RUD. Yes, in carriage and pair did she merrily
“Well, Musetta,” I questioned:
“How’s your heart?”
“It beats not—or I don’t feel it—Thanks
to this velvet I’m wearing!”
MAR. (endeavoring to laugh) I’m glad, very glad!
RUD. (aside) You humbug, you! You’re fretting and fuming!
MAR. It beats not! Bravo!
(commences to paint with great vigor)
Then I saw, too—
RUD. You saw her? How strange! (stops painting)
MAR. Rode in her carriage in grand apparel.
Just like a duchess.
RUD. Delightful! I’m glad to hear it.
MAR. (aside) You liar! you’re pining with love.
RUD. and MAR. Now to work! (they go on working)
RUD. (throwing down his pen) This pen’s
(remains seated, apparently lost in thought)
MAR. (flinging away his brush) This infamous paint-brush! (Stares at his canvas, and then without RUDOLPH observing it, he takes from his pocket a bunch of ribbons and kisses it.)
RUD. Ah! Mimi! false, fickle-hearted!
Ah! beauteous days departed!
Those hands so dainty!
Oh! fragrant, shining tresses!
Ah! snow-white bosom!
Ah! Mimi! those brief, glad, golden days!
MAR. (putting away his ribbons and staring anew
at his canvas)
How is it that my brush
With speed mechanical keeps moving,
And plasters on the colors
Quite against my will?
And though I would be painting landscapes,
Meadows, woodlands fair in Spring-tide,
My brush refuses to perform its office;
But paints dark eyes, and two red, smiling lips;
The features of Musetta haunt me still!
RUD. (taking Mimi’s old bonnet from
the table drawer)
And thou, O! rose-pink bonnet,
That ’neath her pillow lay,
That in her hour of parting she forgot—Thou
wert the witness of our joy!
Come to my heart, ah! come!
Lie close against my heart, since my love is dead!
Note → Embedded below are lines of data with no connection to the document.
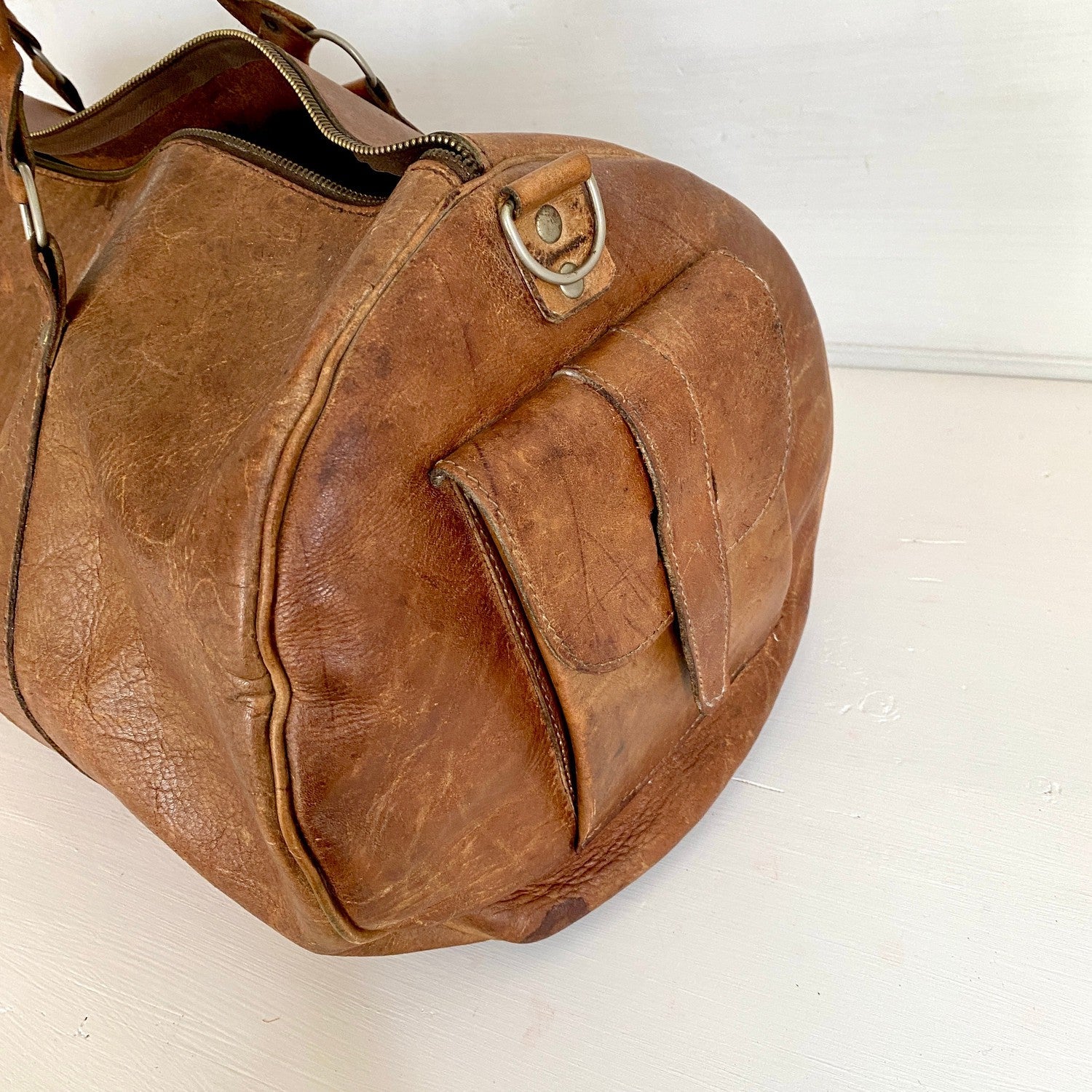 Vintage leather duffel bag, 60s-Sweet Antik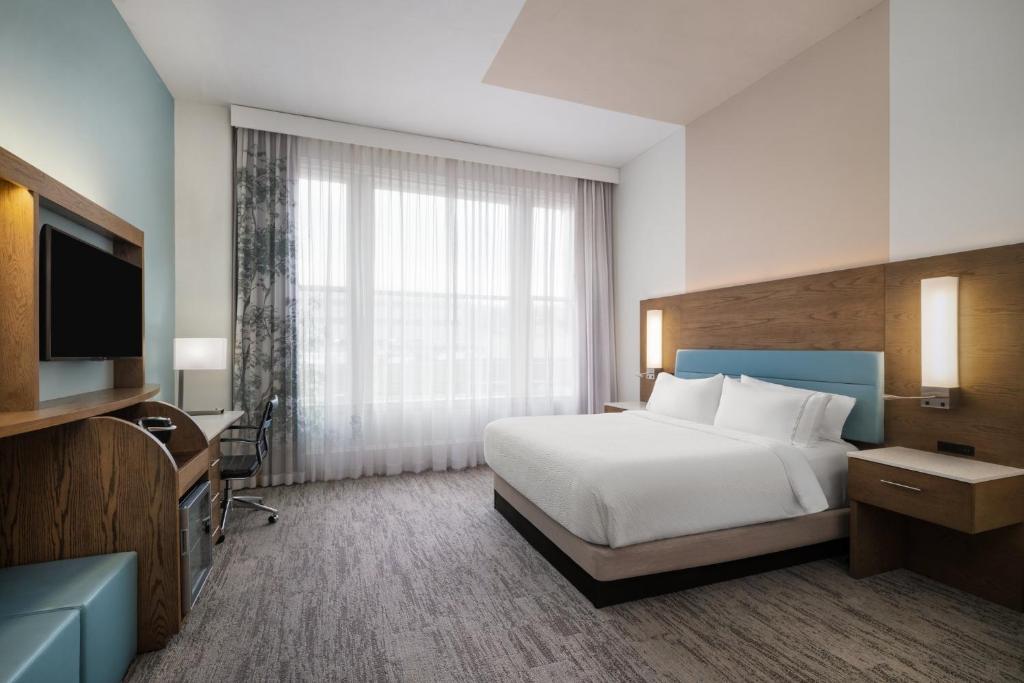 EVEN Hotel Pittsburgh Downtown by IHG photo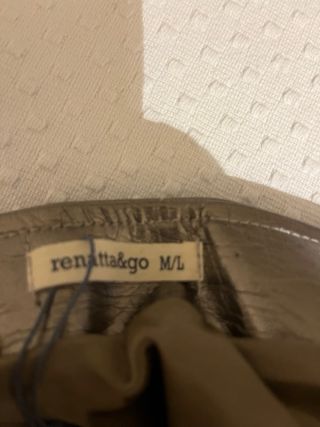 Falda mini efecto piel dorada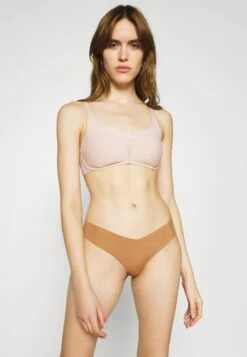 Triumph Shape Smart - Top - Neutral Beige 9 Triumph Shape Smart - Top - Neutral Beige -Tienda barata Ulla Popken 5e6c3e20625a4a9a8a993458b471a327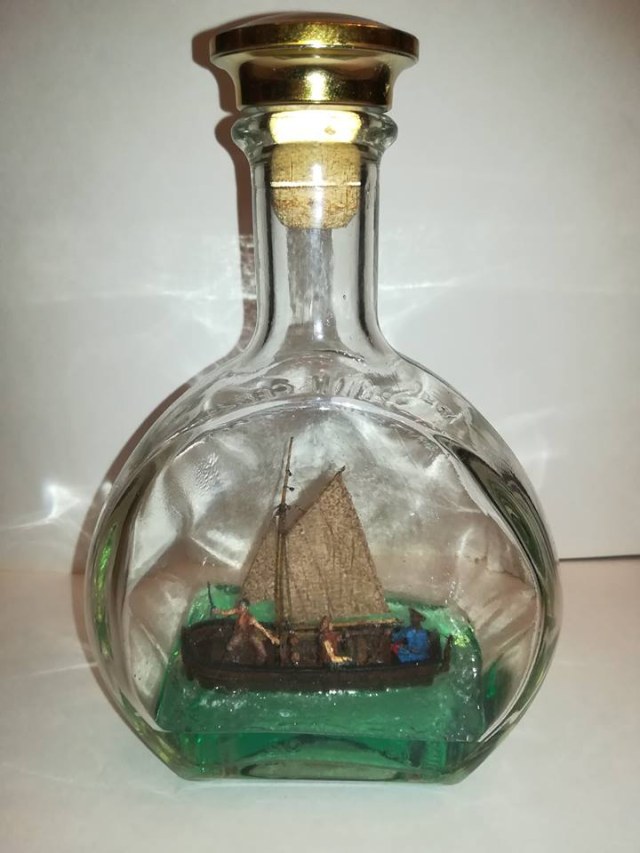 Шлюпка с пиратами в бутылке. Масштаб 1:72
(clasps the bonnet to his heart)
MAR. Ah! frivolous Musetta! thee can I ne’er
My grief affords her pleasure,
And yet my weak heart is fain
To call her to my fond arms again.
RUD. (endeavoring to conceal his emotion from Marcel, carelessly questions him) What time is it now?
MAR. (roused from his reverie, gaily replies) Time for our yesterday’s dinner.
RUD. But Schaunard’s not back yet. (Enter Schaunard and Colline; the former carries four rolls, and the latter a paper bag.)